O presidente do Tribunal Superior Eleitoral (TSE), ministro Kassio Nunes Marques, apresentou nesta terça-feira (14) uma minuta de portaria para criar o Selo Acurácia Eleitoral, destinado a premiar institutos de pesquisa cujas estimativas mais se aproximarem dos resultados das urnas. A proposta foi recebida com forte oposição dos principais institutos do país, que veem na medida uma distorção do papel científico das pesquisas.
A Associação Brasileira de Empresas de Pesquisa (Abep) divulgou nota em que classifica a iniciativa como ‘equivocada’ e afirma que o TSE não é ‘árbitro de qualidade’ do setor. ‘A proposta parte de uma premissa equivocada sobre o que é uma pesquisa eleitoral’, diz o texto, ressaltando que os levantamentos medem a intenção de voto no momento da entrevista, e não são previsões de resultado.
A reunião no TSE contou com 16 empresas, incluindo Datafolha, Quaest, Ipec, Ipsos e MDA, que manifestaram posição contrária ao selo. A minuta prevê que o reconhecimento seja concedido com base na ‘aderência aos resultados oficiais proclamados pela Justiça Eleitoral’, mas não detalha a metodologia estatística que seria utilizada para aferir essa acurácia. O tribunal deu prazo até 17 de julho para que as empresas enviem sugestões ao texto.
Pesquisa como retrato, não como profecia
A tensão entre o TSE e os institutos de pesquisa não é nova. Em junho, o PIRANOT mostrou que a Procuradoria-Geral da República contestou na Justiça Eleitoral o veto à divulgação de uma pesquisa que indicava queda do senador Flávio Bolsonaro (PL-RJ) nas intenções de voto. A decisão judicial de suspender o levantamento reacendeu o debate sobre os limites da intervenção da Justiça Eleitoral sobre as pesquisas.
Agora, a proposta do selo reacende a discussão. Para a Abep, premiar a proximidade com o resultado das urnas pode incentivar ajustes artificiais nos dados na reta final das campanhas, comprometendo a credibilidade dos levantamentos. ‘Exigir que uma pesquisa acerte o resultado é confundir ciência com bola de cristal’, afirmou a entidade, em nota divulgada após a reunião.
A minuta do Selo de Acurácia Eleitoral, obtida pelo TSE, estabelece que o selo será concedido ‘às empresas de pesquisa eleitoral cujas estimativas apresentem maior aderência aos resultados oficiais proclamados pela Justiça Eleitoral’. O texto, porém, não define os critérios estatísticos que serão usados para medir essa aderência — lacuna que, segundo especialistas, é central para avaliar se o selo terá efeito positivo ou distorcivo.

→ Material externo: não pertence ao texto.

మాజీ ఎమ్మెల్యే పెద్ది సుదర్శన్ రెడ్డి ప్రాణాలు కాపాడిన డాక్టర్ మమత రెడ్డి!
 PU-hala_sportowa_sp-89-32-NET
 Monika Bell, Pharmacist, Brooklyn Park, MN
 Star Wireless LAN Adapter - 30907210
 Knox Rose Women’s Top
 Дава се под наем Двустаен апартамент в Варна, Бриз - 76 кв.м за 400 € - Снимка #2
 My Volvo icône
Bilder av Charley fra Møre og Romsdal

Próximos passos e indefinição metodológica
O TSE receberá sugestões dos institutos até 17 de julho. Ainda não há data para a publicação da versão final da portaria. O tribunal não se manifestou oficialmente sobre as críticas da Abep até a publicação desta reportagem.

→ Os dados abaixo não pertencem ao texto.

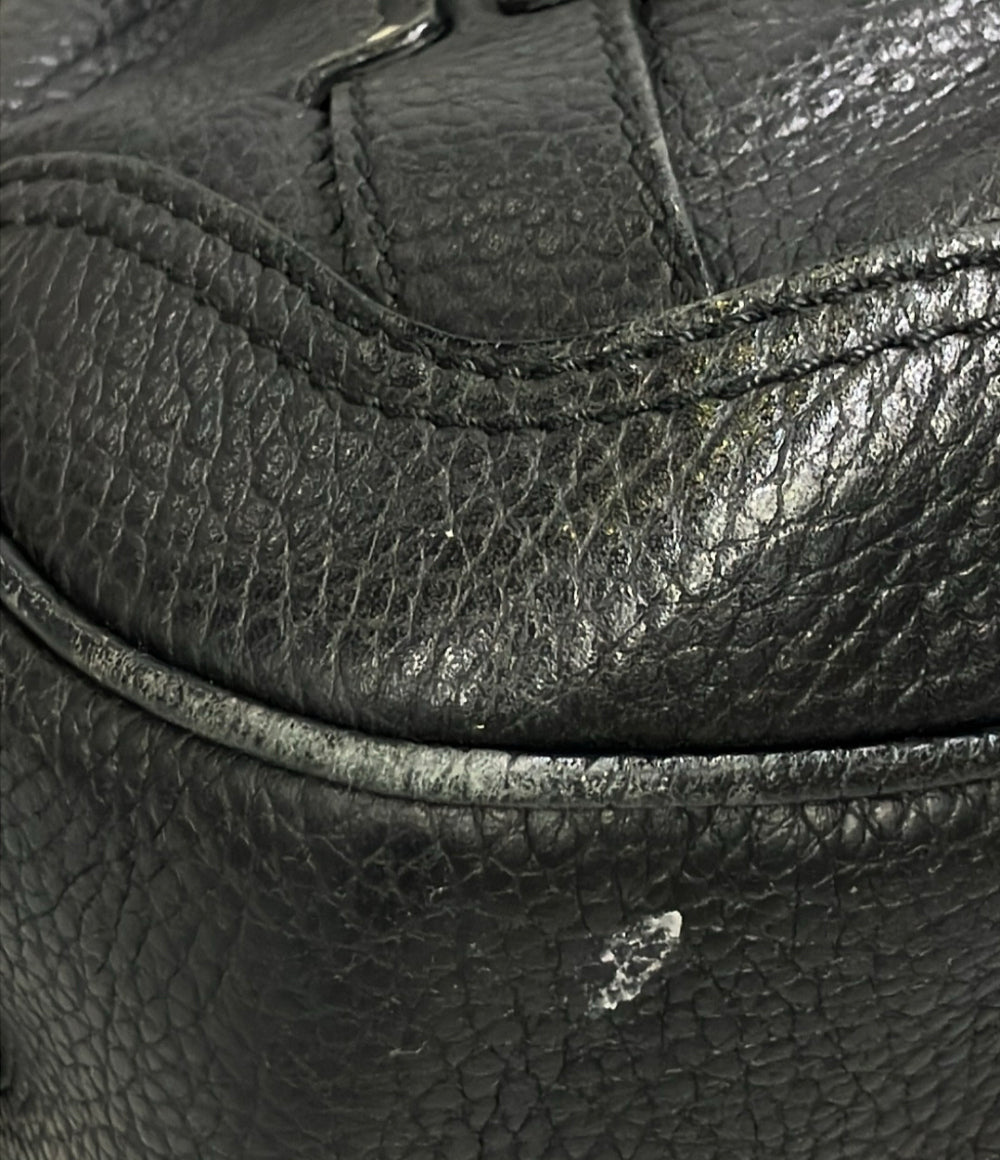 CELINE ハンドバッグ PP GB 0097 レディース セリーヌ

A indefinição sobre a fórmula de acurácia é o ponto mais sensível. Sem uma metodologia transparente, o selo pode incentivar o alinhamento artificial dos números na reta final das campanhas, em vez de refletir a real intenção de voto. A Abep defende que a qualidade de uma pesquisa não se mede pela proximidade com o resultado da urna, mas pela aderência a padrões científicos de coleta e análise.